Using Vector with Kafka and ClickHouse

Vector is a vendor-agnostic data pipeline with the ability to read from Kafka and send events to ClickHouse.

A getting started guide for Vector with ClickHouse focuses on the log use case and reading events from a file. We utilize the Github sample dataset with events held on a Kafka topic.

Vector utilizes sources for retrieving data through a push or pull model. Sinks meanwhile provide a destination for events. We, therefore, utilize the Kafka source and ClickHouse sink.
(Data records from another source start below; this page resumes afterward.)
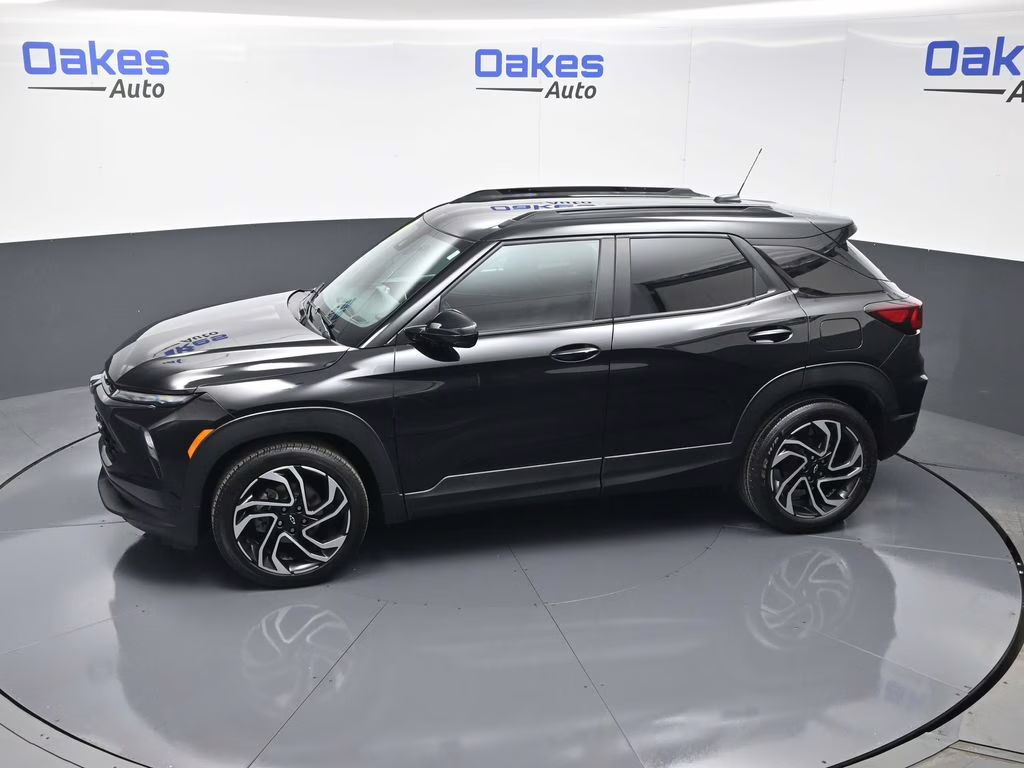2024 Mosaic Black Metallic Chevrolet Trailblazer RS FWD SUV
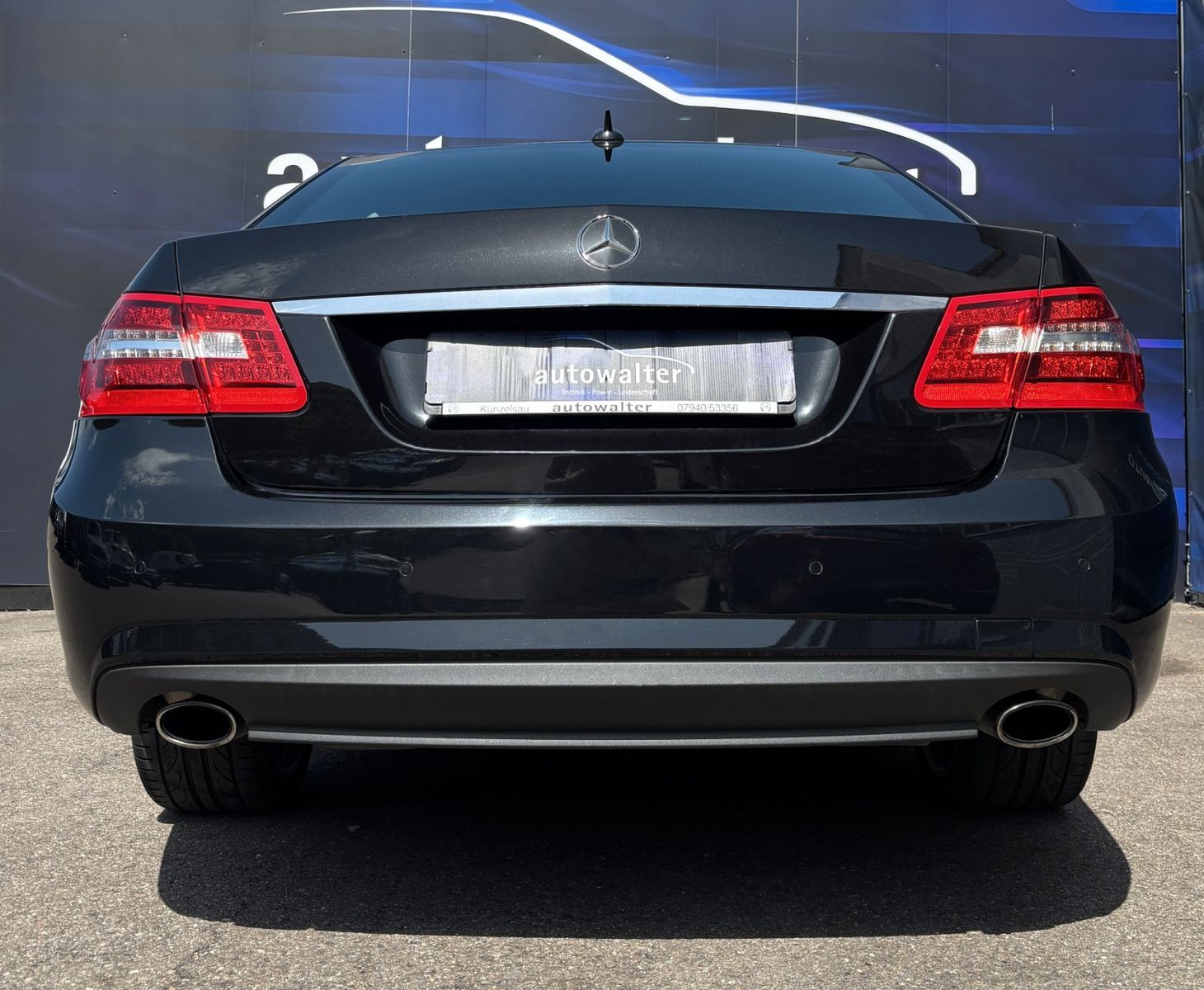Fahrzeugabbildung Mercedes-Benz E 200 Limousine  BluEffic AMG Line,Schiebedach
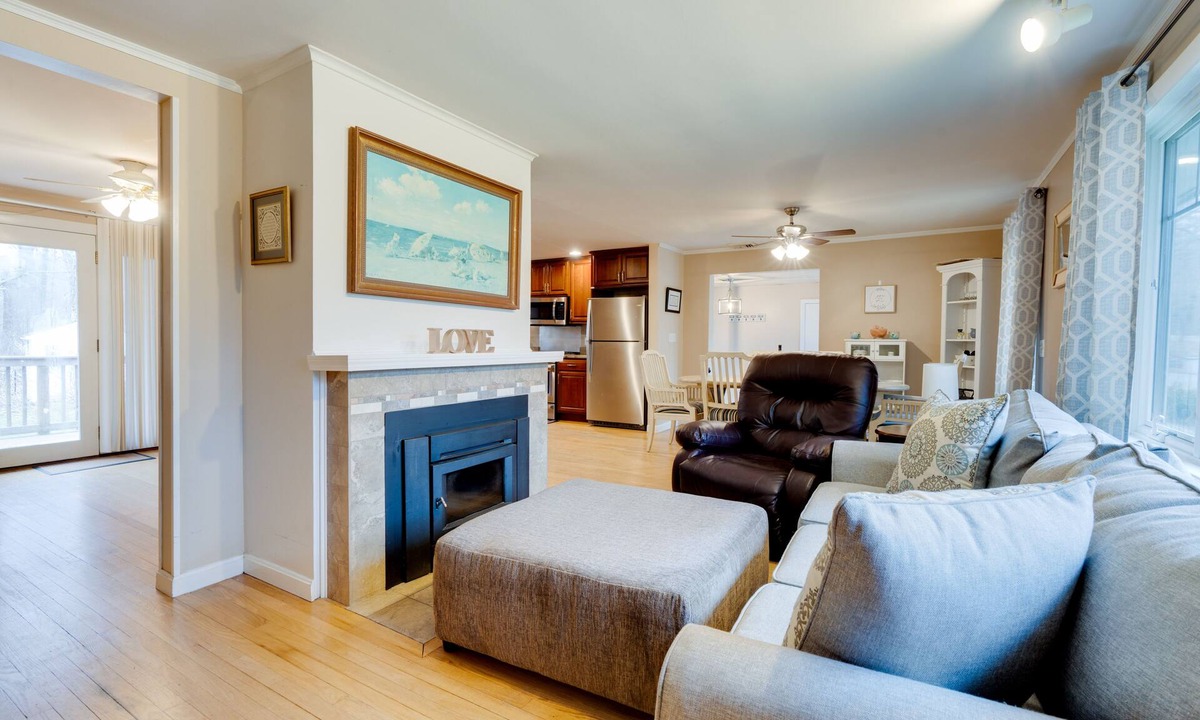 East Greenwich House | 1 Acre, Central Air, Firepit, Fenced Yard, Patio, Dishwasher, Washer/Dryer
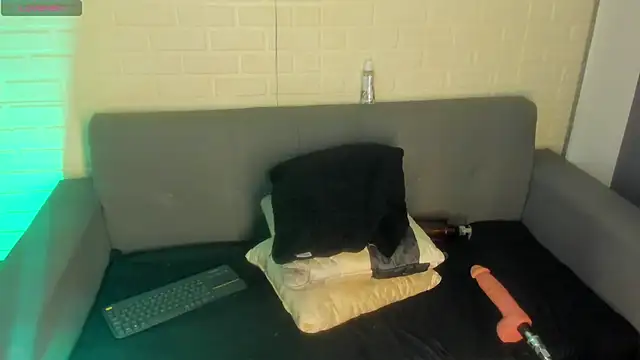 karina gomez 18 online show from 09-10-25, 11:32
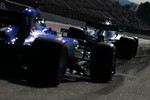 Foto zur News: Lewis Hamilton (Mercedes) und Marcus Ericsson (Sauber)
Note that whilst Kafka is supported as a Sink, a ClickHouse source isn't available. Vector is as a result not appropriate if you want to transfer data to Kafka from ClickHouse.

Vector also supports the transformation of data. This is beyond the scope of this guide. The user is referred to the Vector documentation should they need this on their dataset.
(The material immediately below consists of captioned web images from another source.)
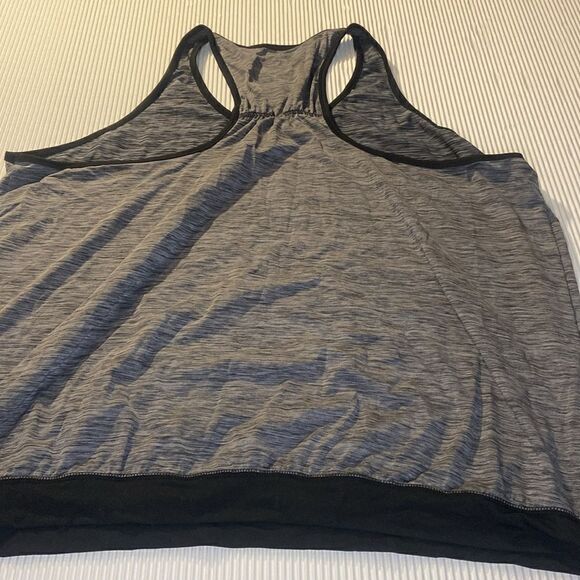 Maurice’s In Motion Athletic Top Size 3 - Picture 6 of 7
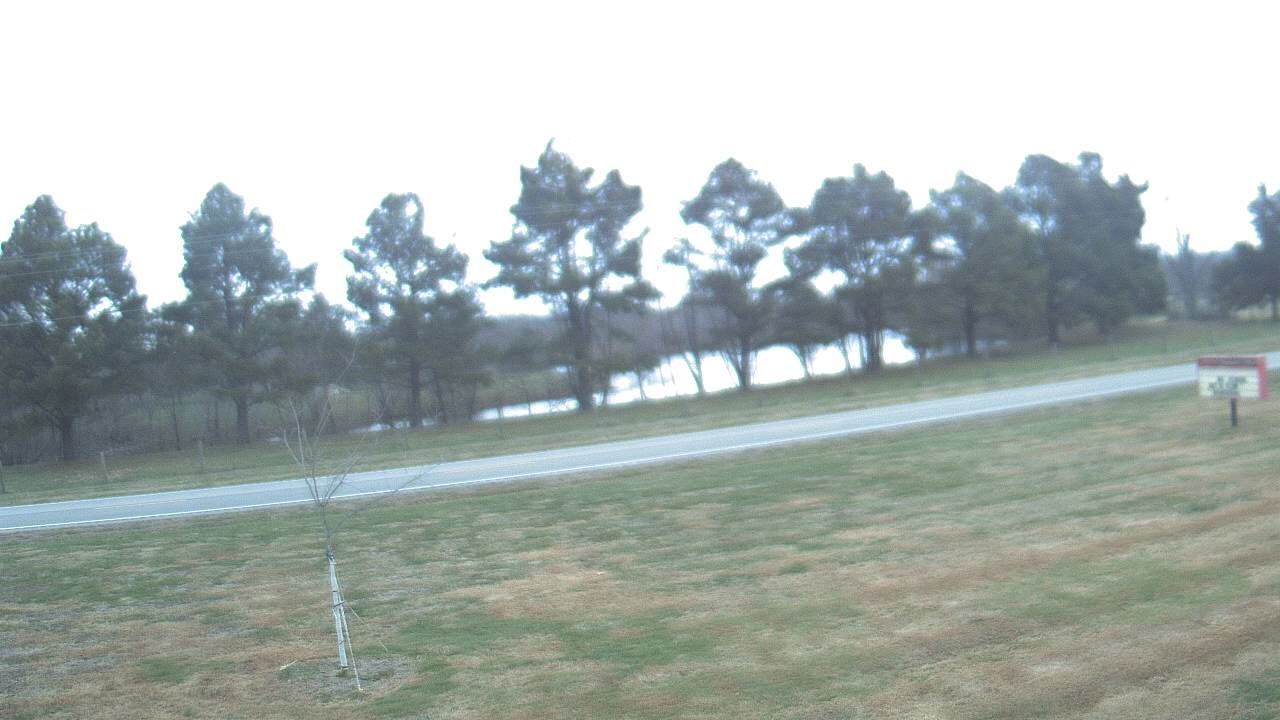 Thumbnail for current weather camera view from Lincoln ES in Pittsburg, Illinois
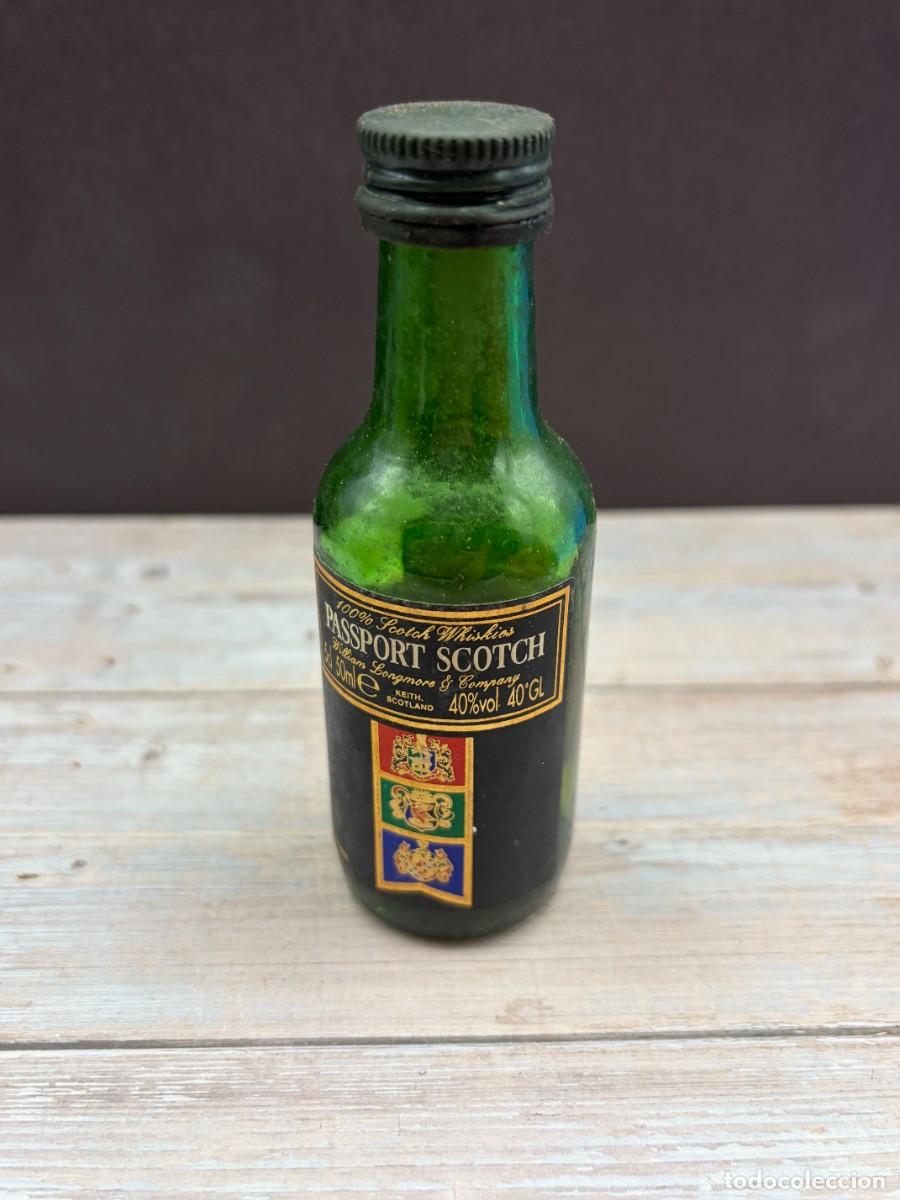 Collezionismo di vini e liquori: BOTELL&Iacute;N. SCOTCH WHISKY. PASSPORT SCOTCH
Note that the current implementation of the ClickHouse sink utilizes the HTTP interface. The ClickHouse sink doesn't support the use of a JSON schema at this time. Data must be published to Kafka in either plain JSON format or as Strings.

License

Vector is distributed under the MPL-2.0 License

Gather your connection details

To connect to ClickHouse with HTTP(S) you need this information:

Parameter(s)	Description
`HOST` and `PORT`	Typically, the port is 8443 when using TLS or 8123 when not using TLS.
`DATABASE NAME`	Out of the box, there is a database named `default`, use the name of the database that you want to connect to.
`USERNAME` and `PASSWORD`	Out of the box, the username is `default`. Use the username appropriate for your use case.

The details for your ClickHouse Cloud service are available in the ClickHouse Cloud console. Select a service and click Connect:

Choose HTTPS. Connection details are displayed in an example curl command.
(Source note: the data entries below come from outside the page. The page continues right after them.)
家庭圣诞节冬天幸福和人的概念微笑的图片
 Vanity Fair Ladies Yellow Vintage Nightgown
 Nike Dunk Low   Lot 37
If you're using self-managed ClickHouse, the connection details are set by your ClickHouse administrator.

Steps

Create the Kafka github topic and insert the Github dataset.

cat /opt/data/github/github_all_columns.ndjson | kcat -b <host>:<port> -X security.protocol=sasl_ssl -X sasl.mechanisms=PLAIN -X sasl.username=<username> -X sasl.password=<password> -t github

This dataset consists of 200,000 rows focused on the ClickHouse/ClickHouse repository.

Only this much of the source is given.